Note: The information offered here is intended for use by the untrained “judge” or a person offering some “informed” but informal feedback. It is not intended to represent the criteria used by the professional artist or a judge for a juried fibre / textile event. Most events or exhibitions, whether they be at the CWA or an Art and Craft Show, or a more sophisticated professional gallery exhibition or competition will have well-established, clear judging standards and criterion set in advance. As a result, professional artists and exhibitors are well aware of the standards and criteria they must meet.

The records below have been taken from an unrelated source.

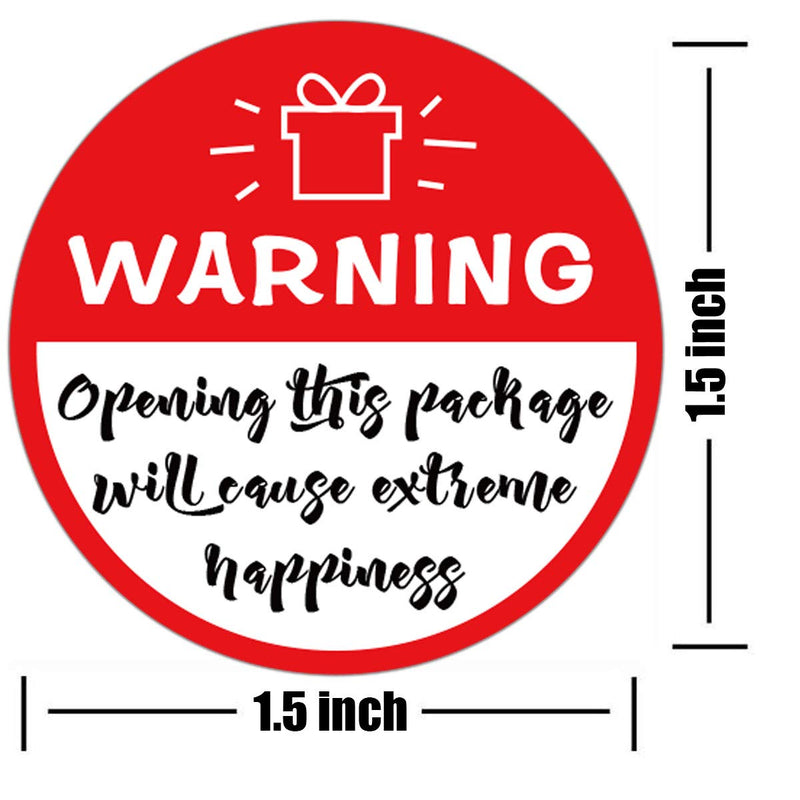 Red and White Round Warning Extreme Happiness Labels - 1.5" Funny Small Business Stickers for Business or Personal Use / 500 Small Business Stickers Labels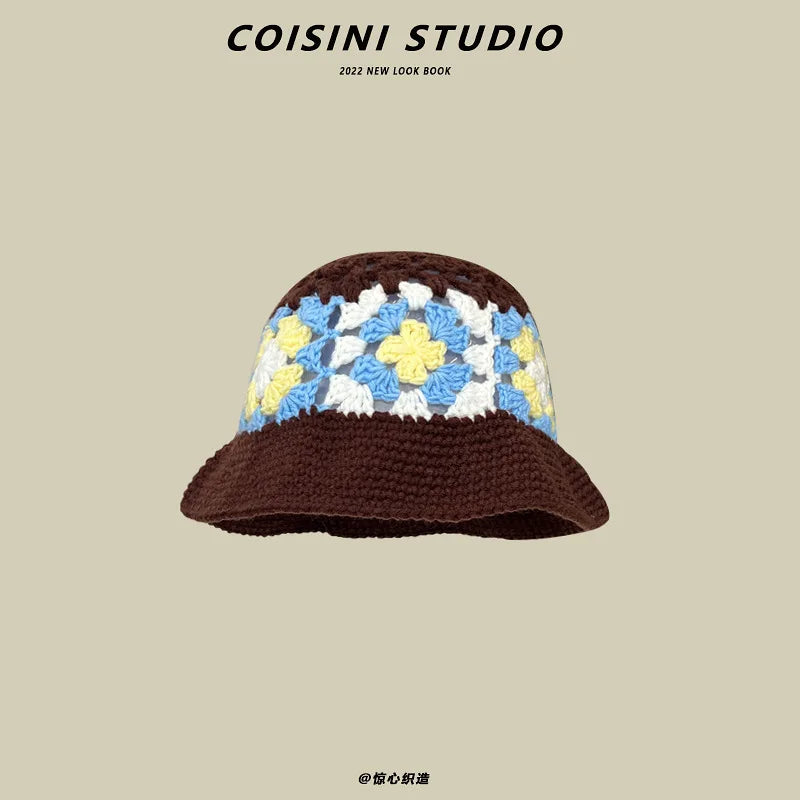 2024 New Korean-Japanese Hand Buckle Crochet Bucket Hat Spring and Autumn Winter Sun Hat Female Cherry Designer Bob Basin Hat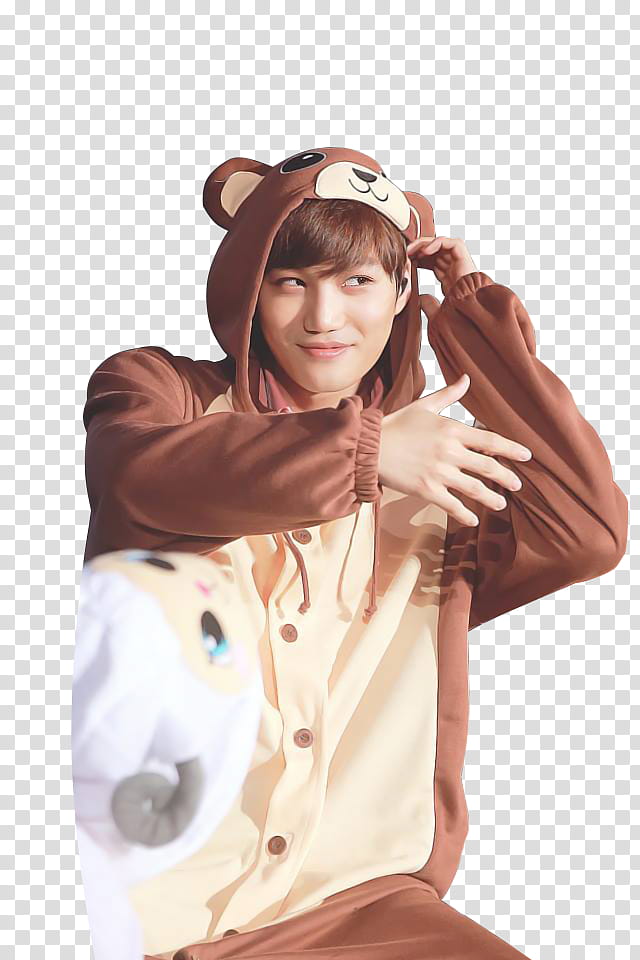 EXO Kai Render , man wearing brown bear coveralls transparent background PNG clipart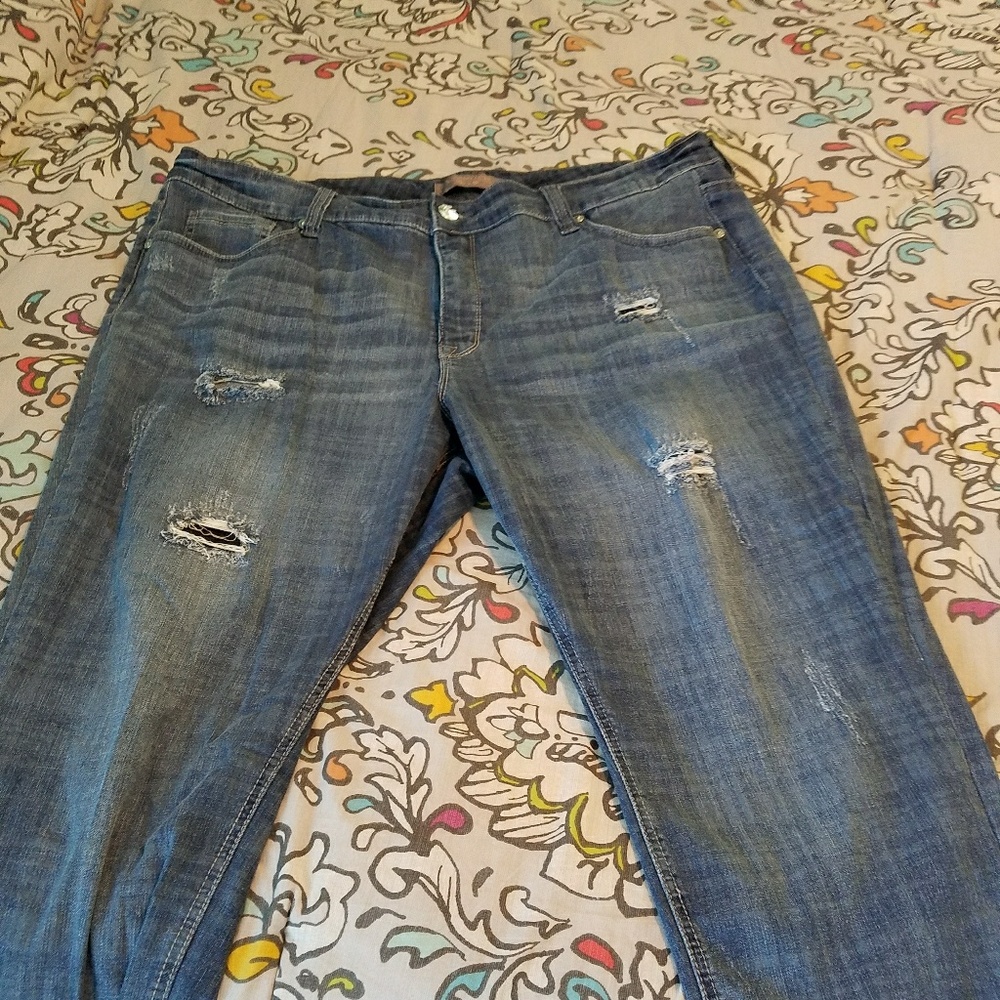 Melissa McCarthy Seven7 Blue Distressed Ankle Jeans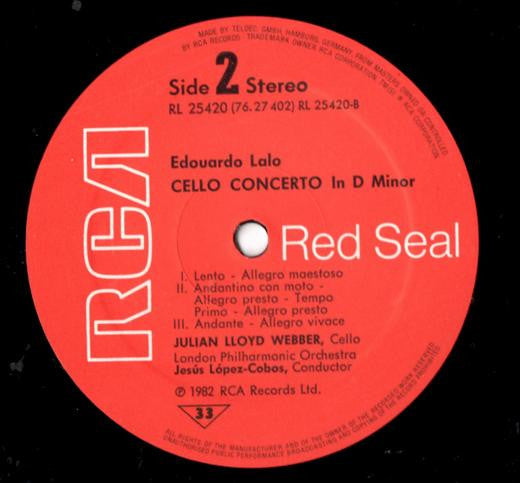 Julian Lloyd Webber, London Philharmonic Orchestra, Jesús López-Cobos : Rodrigo Cello Concerto / Lalo Cello Concerto (LP)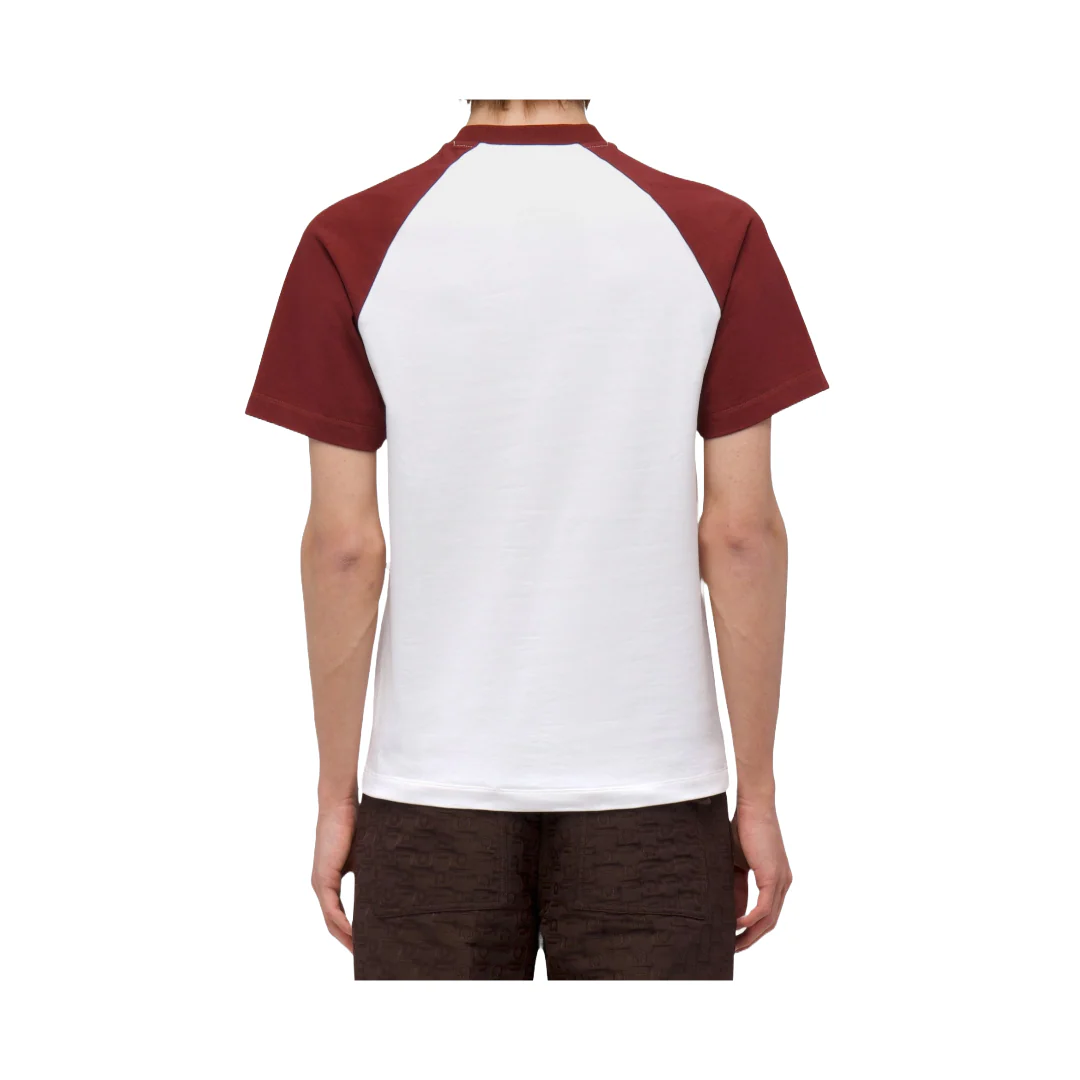 FLOCKED PRINT T-SHIRT WHITE/BURGUNDY - Image 3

Technical Skill Assessment

Try to assess the technical aspects of the piece – technique used, execution, construction – and any other demonstrations of the skill and craftsmanship of the person involved in making, finishing, hanging / installing the piece.

So….you might consider:

  • What kind and quality of backing is used? Is it appropriate for the piece?
  • What fabrics are used in the piece and are they appropriate for the technique used. For example: Perhaps a different yarn or fabric would have been a better choice for a Waldoboro style than what was chosen to achieve a particular result.
  • Does the piece include a label on the back with information about who designed / hooked the piece – copyright information should be included if appropriate; the date and location; the title of the piece if it has one; description of the fabrics used (new/recycled, other specific fibres and embellishments); care and/or hanging instructions.
  • If a rug described as being in a particular rug making style, does the piece reflect that style? For example: Waldoboro, primitive, geometric. etc. Depending on the style – like Traditional, originality in design may be encouraged.
  • Does the rug look “good”? Is it clean, well-blocked and hang properly? Rugs for the floor and wall hangings should lie flat and not be hooked so tightly that they curl.
  • Although rug makers are often very “touchy” about someone looking at the back of their rug, but in most formal judging situations or if the piece is for sale, the back needs to be seen.
  • Backing foundation should be well covered so no backing shows through the top. Loops should be at an even height unless irregularity is part of the design.
  • Foundation showing underneath is acceptable…the amount exposed will depend on the style and design of the piece.
  • Avoid crossovers of hooked material, this not only looks bad, it sets the piece up for damage and fraying over time, particularly if it is to be used on the floor.
  • Have a neat finish. A number of different finishes may be used and the finish may depend on the work’s style. Eg. A burlap backing turned back and simply hemmed may not be acceptable except in a particular style.
  • Colours should be pleasing to the eye. Try to avoid an area “jumping out” at you. Brilliant colours should be over-dyed to dull them unless that special effect is desired and part of the general style. Again, this can be very subjective and much will depend on the subject and design of the work. It may be intentional that a colour is used the way it is.

Artistic Considerations

Various galleries, art / craft shows and competitions generally have well-established  criteria that must be met before pieces can accepted for juried shows. Even if you are not a “professional” artist you can still learn a lot from looking at the established guidelines, standards and criteria that have been set for exhibitors within a particular venue.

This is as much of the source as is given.